FPGA code is developed by writing program-like text in a special kind of language, generically called a "register transfer language" (or RTL). There are two popular RTLs, Verilog and VHDL. There are, in addition, a number of higher-level variants, but chip design and FPGA design is still mostly done using an RTL. There are two flavors of RTL: Verilog and VHDL .  Each language has advantages and disadvantages, but Verilog has two unfair advantages: it's the favorite in Silicon Valley, and it has much more robust open-source community. For these reasons, MCCI will be doing our FPGA code in Verilog. We want students to be able to learn skills that will make them immediately attractive to the semiconductor industry; and we need to use the open source tools as our default tool chain. (We're not religious about these choices; let a thousand flowers bloom.)

If you're writing code in Verilog, you need development tools to turn your code into something you can load into your FPGA. Lattice makes a good set of tools, but they are targeted at professional engineers; they're not supported on macOS; and some parts are most fully supported on Windows. Luckily, there is now an open-source tool chain called Icestorm ( link ), which allows work to be done on Windows, macOS or Linux, and which supports a debug and test model that is more friendly for casual users.

Traditional Software: RISC-V, Arduino


It has to be said: writing FPGA code is a lot more challenging than writing software. Some of that is because of the tools (and will get better with time), some of it is because of the RTL languages (which are not always intuitive), but a lot of it is because designing hardware can be hard, because of the massive parallelism. For that reason, we provide a default initial load of the FPGA, which makes it immediately useful, by turning it into a microprocessor. We're using the RISC-V ( link) architecture.

RISC-V is a relatively new open-source CPU standard.

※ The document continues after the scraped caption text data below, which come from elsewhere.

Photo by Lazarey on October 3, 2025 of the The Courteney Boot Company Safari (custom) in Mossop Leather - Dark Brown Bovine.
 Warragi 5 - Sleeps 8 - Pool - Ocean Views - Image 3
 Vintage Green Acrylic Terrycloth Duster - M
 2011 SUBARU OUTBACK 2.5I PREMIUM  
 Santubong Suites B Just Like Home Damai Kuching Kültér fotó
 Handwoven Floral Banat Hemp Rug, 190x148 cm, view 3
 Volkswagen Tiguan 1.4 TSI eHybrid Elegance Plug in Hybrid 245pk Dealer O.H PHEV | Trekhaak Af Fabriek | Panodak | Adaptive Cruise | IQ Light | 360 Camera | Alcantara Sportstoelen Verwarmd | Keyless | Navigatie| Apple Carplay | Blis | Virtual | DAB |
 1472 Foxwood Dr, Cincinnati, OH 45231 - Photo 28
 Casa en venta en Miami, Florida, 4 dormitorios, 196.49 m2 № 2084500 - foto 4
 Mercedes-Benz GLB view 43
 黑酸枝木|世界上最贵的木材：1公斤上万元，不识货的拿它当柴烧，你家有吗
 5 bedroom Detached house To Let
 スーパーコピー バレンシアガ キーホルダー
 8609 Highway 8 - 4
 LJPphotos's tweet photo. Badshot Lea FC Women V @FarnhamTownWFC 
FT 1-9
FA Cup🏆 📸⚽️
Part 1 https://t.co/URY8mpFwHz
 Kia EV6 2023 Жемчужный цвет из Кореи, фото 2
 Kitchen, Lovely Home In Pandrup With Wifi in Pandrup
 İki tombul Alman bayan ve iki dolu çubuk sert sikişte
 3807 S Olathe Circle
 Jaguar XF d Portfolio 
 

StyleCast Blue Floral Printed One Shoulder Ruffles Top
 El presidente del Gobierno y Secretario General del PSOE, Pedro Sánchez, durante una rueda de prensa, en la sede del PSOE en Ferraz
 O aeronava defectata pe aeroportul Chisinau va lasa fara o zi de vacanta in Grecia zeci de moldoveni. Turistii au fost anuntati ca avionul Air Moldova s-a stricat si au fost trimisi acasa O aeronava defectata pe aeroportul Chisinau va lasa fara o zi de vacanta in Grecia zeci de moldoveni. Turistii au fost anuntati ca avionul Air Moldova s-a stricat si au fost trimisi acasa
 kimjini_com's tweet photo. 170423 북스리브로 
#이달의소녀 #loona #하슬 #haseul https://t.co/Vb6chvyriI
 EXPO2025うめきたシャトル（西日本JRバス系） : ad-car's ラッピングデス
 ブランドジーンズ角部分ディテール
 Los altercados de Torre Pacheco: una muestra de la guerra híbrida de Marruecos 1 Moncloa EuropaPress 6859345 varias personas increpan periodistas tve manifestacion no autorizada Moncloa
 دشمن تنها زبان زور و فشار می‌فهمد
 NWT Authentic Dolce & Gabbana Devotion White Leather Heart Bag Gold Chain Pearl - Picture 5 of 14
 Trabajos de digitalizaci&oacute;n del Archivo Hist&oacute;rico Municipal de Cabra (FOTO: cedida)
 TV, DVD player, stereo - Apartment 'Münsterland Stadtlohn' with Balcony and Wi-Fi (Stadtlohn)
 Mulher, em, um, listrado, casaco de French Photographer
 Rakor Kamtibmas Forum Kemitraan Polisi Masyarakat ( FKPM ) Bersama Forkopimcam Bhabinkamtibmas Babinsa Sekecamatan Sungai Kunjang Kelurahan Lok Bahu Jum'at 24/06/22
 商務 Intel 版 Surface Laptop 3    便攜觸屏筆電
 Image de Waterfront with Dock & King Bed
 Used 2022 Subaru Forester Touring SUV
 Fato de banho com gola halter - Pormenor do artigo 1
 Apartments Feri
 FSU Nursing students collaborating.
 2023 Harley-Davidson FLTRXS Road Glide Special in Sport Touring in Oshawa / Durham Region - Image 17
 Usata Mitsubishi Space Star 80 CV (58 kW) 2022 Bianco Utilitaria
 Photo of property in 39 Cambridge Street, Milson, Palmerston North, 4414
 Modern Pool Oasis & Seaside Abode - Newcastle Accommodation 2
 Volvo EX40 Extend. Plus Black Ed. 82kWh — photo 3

If you're familiar with ARM-based processors like the STM32 or the SAMD21, you're aware that they're based on an instruction set (and core design) from ARM. Nothing wrong with that, but ARM controls the ecosystem, and that has led naturally to an open competitor (as Windows led to Linux, and cellular networks for IoT led to LoRaWAN),  There are free, open-source C and C++ compilers for RISC-V. Using the default bitfile, you can immediately write software that accesses the sensors and transmits data over the LoRaWAN network.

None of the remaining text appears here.